- **What the exercise asks**
Copy all the records exactly, but keep the pictures out of your version.

[Crawled caption data]
:::::

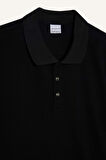 DeFacto Slim Fit Dar Kesim Polo Yaka Kısa Kollu Dokulu Basic Düz Siyah Tişört T5259AZ25SMBK81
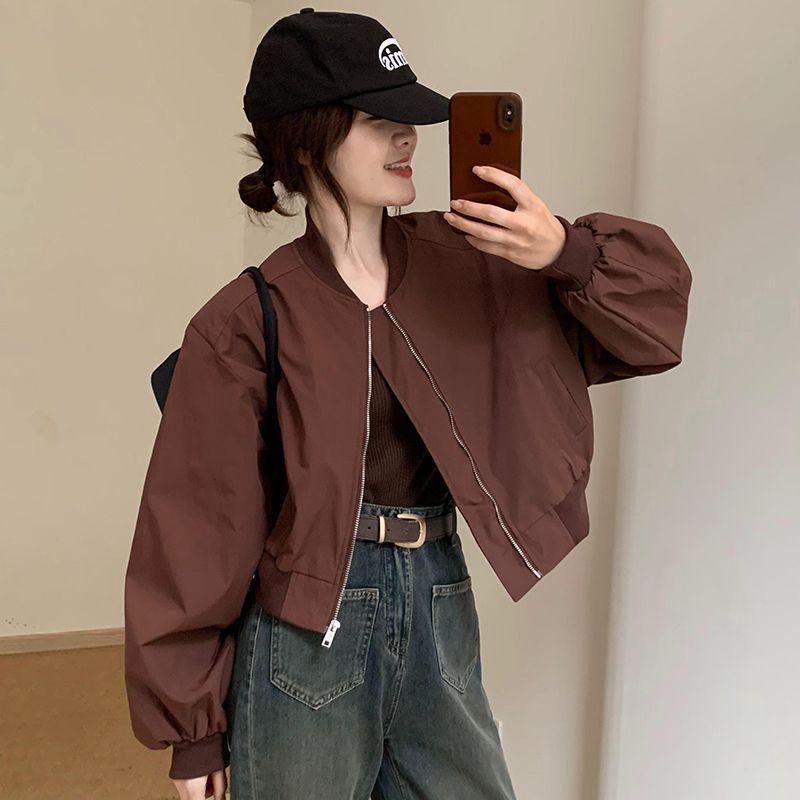 Autumn 2025 Korean Style Petite Slimming Short Baseball Jacket for Women
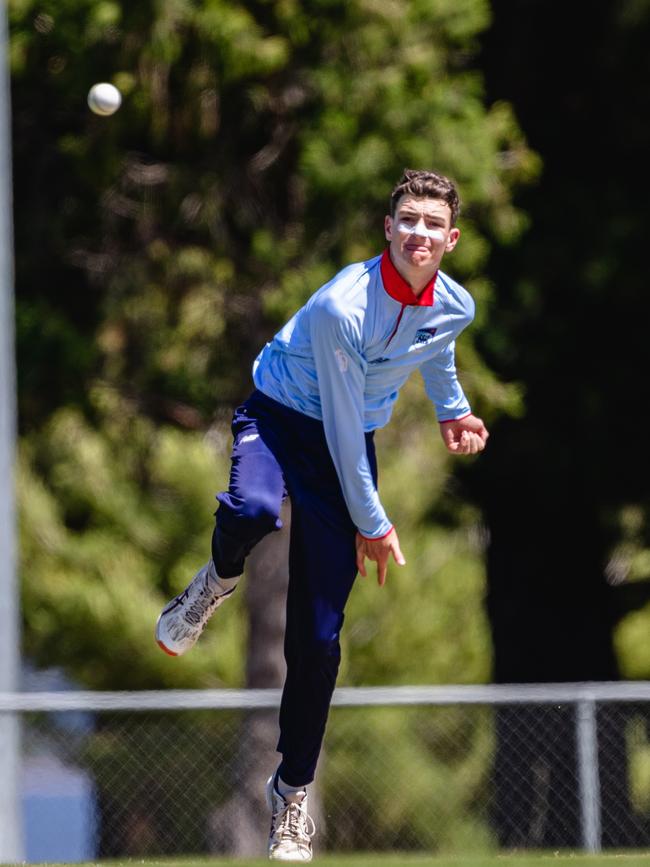 NSW Metro spinner Everett Oxenham in Hobart last season. Picture: Linda Higginson/Cricket Australia.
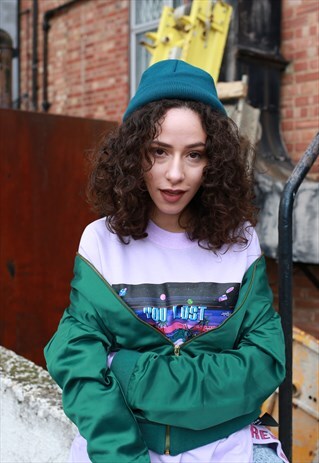 GREEN SATEEN LEOPARD BOMBER JACKET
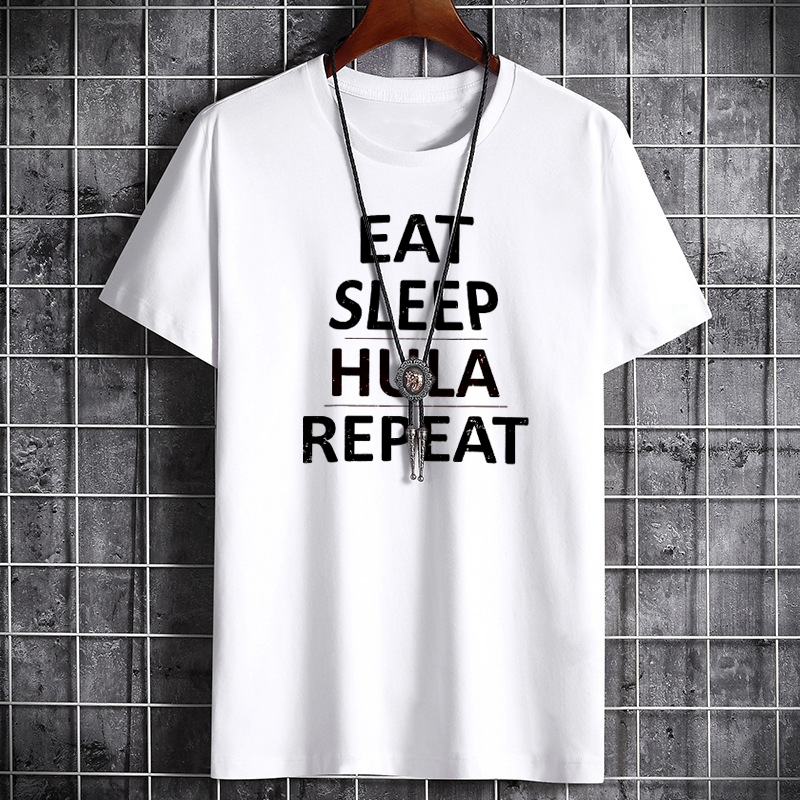 2024 Summer Men's Pure Cotton T-shirt Plus Size Fashion Versatile Comfortable Top Breathable and Sweat-absorbing Printed T-shirt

:::::

- **Solution for this problem**
 DeFacto Slim Fit Dar Kesim Polo Yaka Kısa Kollu Dokulu Basic Düz Siyah Tişört T5259AZ25SMBK81
 Autumn 2025 Korean Style Petite Slimming Short Baseball Jacket for Women
 NSW Metro spinner Everett Oxenham in Hobart last season. Picture: Linda Higginson/Cricket Australia.
 GREEN SATEEN LEOPARD BOMBER JACKET
 2024 Summer Men's Pure Cotton T-shirt Plus Size Fashion Versatile Comfortable Top Breathable and Sweat-absorbing Printed T-shirt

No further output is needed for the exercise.